Material provided START

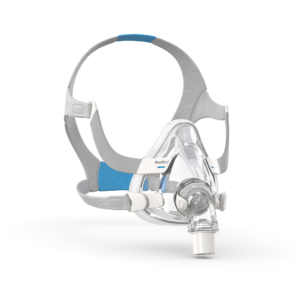 Mascarilla Buconasal AirFit F20 - Resmed (Por Unidad)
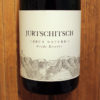 Jurtschitsch Brut Nature Große Réserve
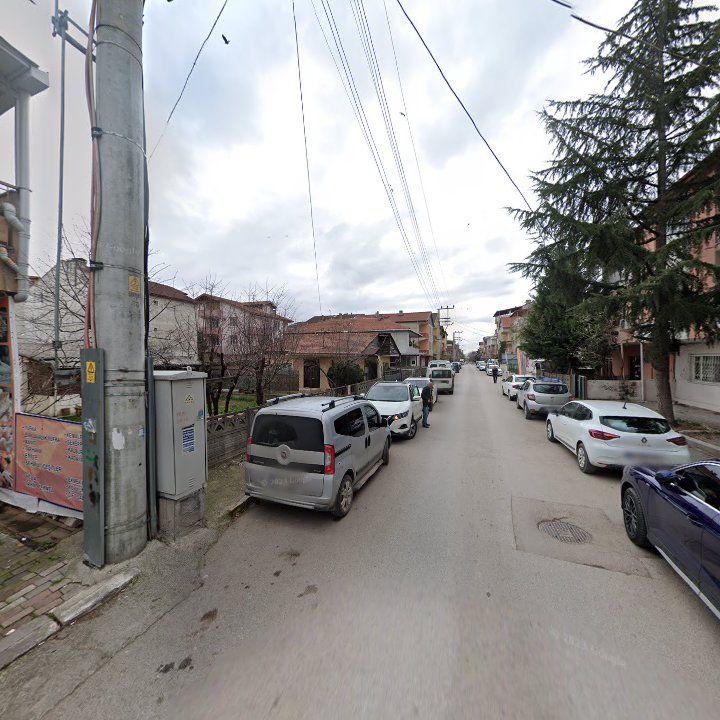 Fotoğraf 7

Material provided END

→ **What you will do**
Restate every line above exactly, omitting images.

→ **Output below**
 Mascarilla Buconasal AirFit F20 - Resmed (Por Unidad)
 Jurtschitsch Brut Nature Große Réserve
 Fotoğraf 7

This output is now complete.